▶ Data for review
■ ■ ■ ■

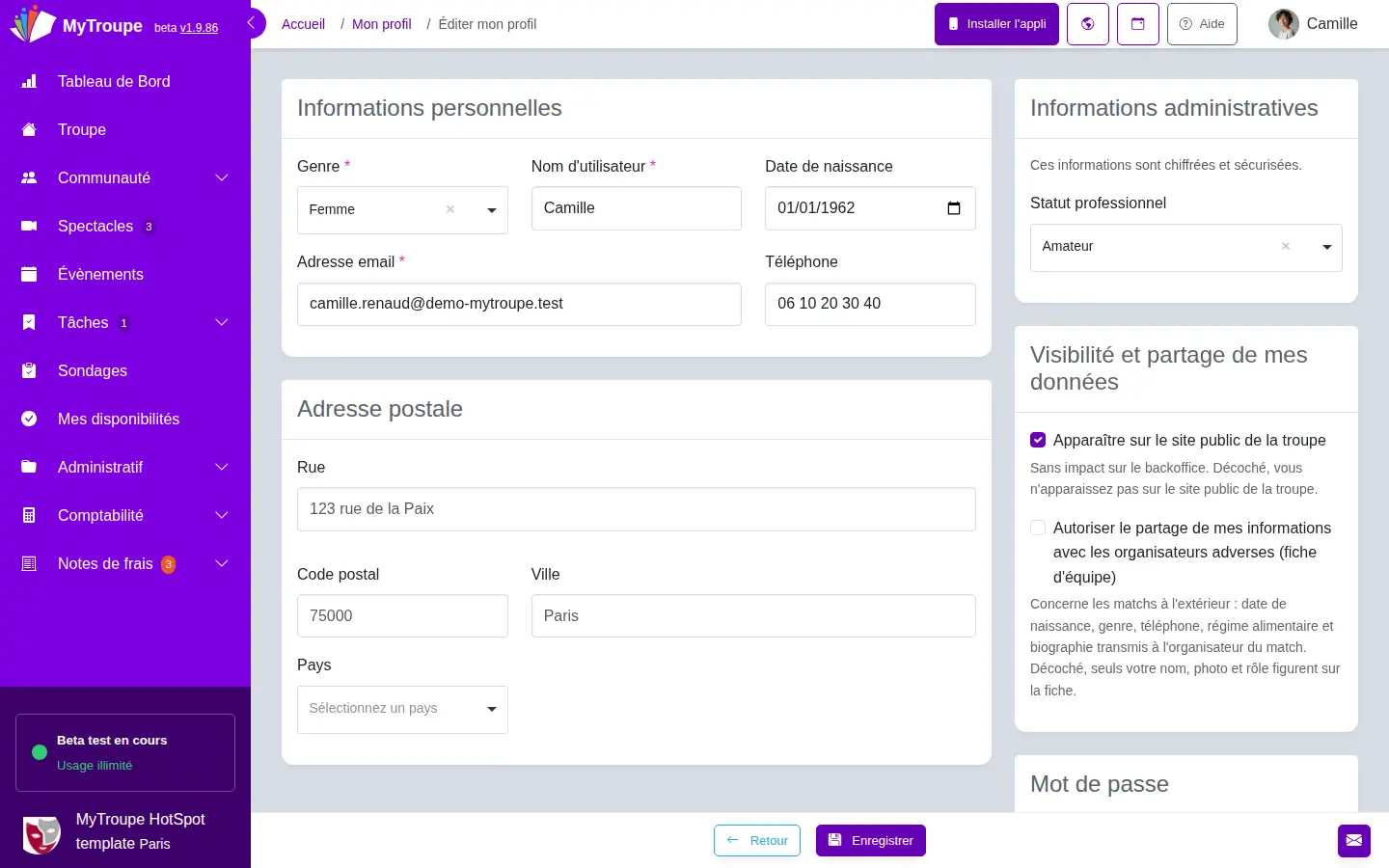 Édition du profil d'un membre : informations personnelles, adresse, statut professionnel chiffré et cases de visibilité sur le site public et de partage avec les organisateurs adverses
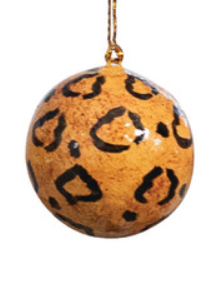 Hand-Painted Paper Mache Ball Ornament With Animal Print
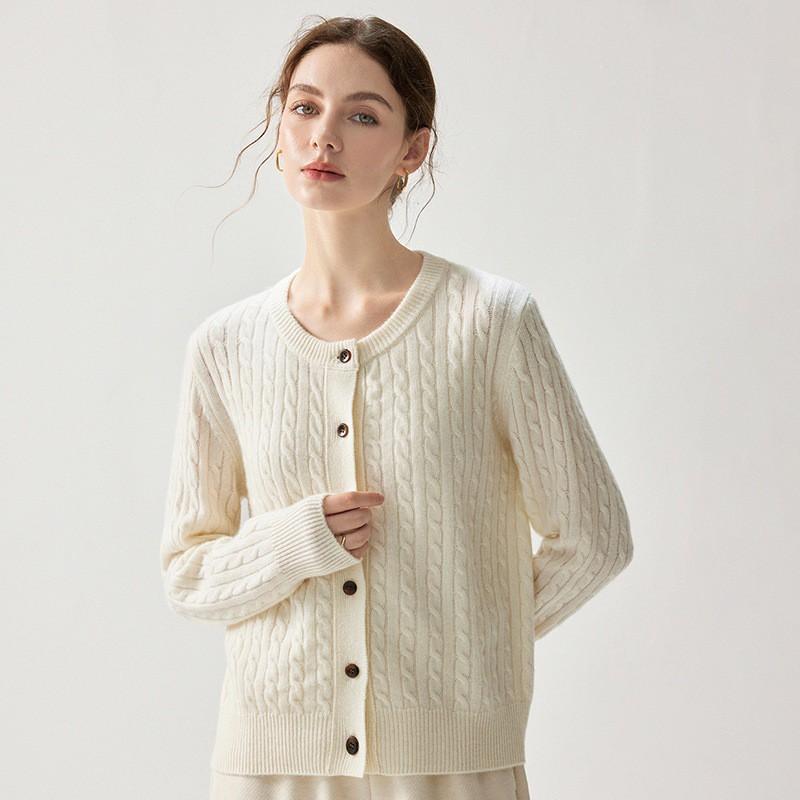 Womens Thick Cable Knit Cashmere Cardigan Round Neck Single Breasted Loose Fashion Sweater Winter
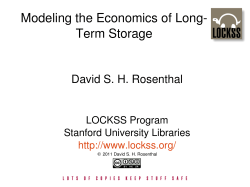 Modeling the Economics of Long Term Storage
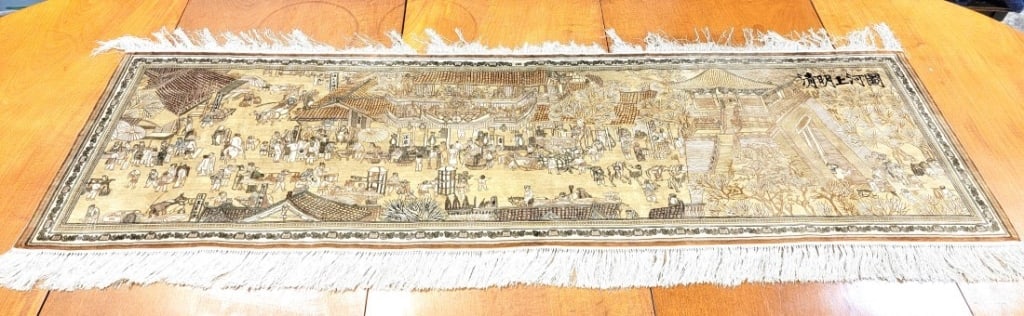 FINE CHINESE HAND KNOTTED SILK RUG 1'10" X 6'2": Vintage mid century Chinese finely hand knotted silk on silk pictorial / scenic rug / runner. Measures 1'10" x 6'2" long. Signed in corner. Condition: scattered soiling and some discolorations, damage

■ ■ ■ ■

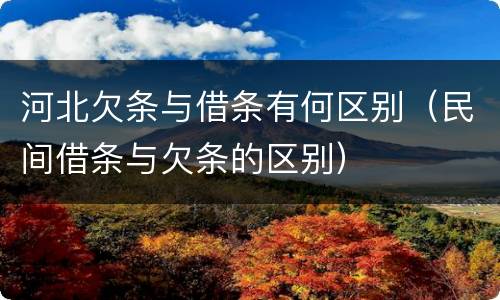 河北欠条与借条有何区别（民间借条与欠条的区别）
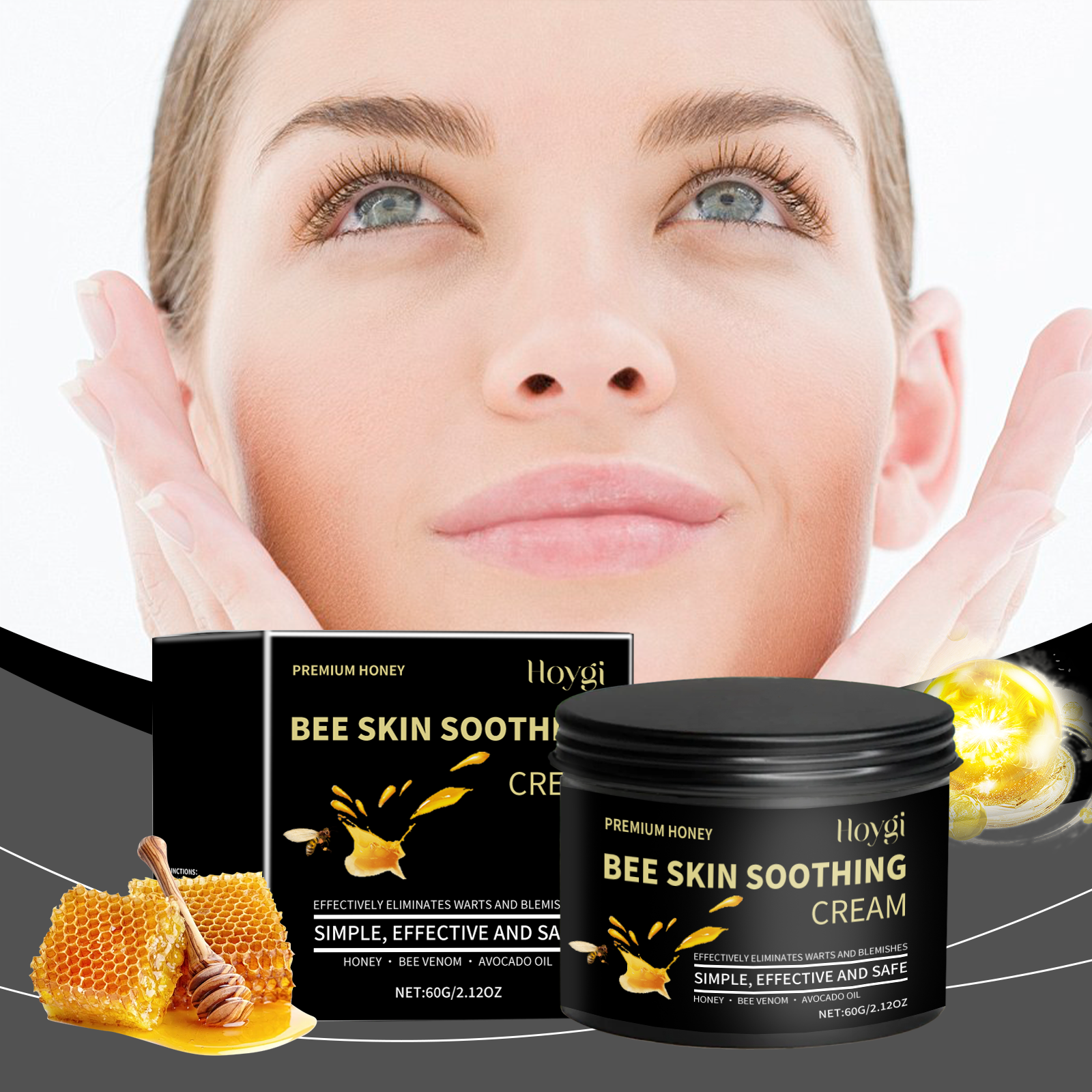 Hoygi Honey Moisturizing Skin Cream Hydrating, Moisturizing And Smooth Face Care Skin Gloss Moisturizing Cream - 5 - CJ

■ ■ ■ ■

▶ Problem requirements
Please print the lines above word for word, starting at the one with "Hand-Painted Paper Mache" and ending at the one with "FINE CHINESE HAND", both included, and without any picture.

▶ Response to this task
 Hand-Painted Paper Mache Ball Ornament With Animal Print
 Womens Thick Cable Knit Cashmere Cardigan Round Neck Single Breasted Loose Fashion Sweater Winter
 Modeling the Economics of Long Term Storage
 FINE CHINESE HAND KNOTTED SILK RUG 1'10" X 6'2": Vintage mid century Chinese finely hand knotted silk on silk pictorial / scenic rug / runner. Measures 1'10" x 6'2" long. Signed in corner. Condition: scattered soiling and some discolorations, damage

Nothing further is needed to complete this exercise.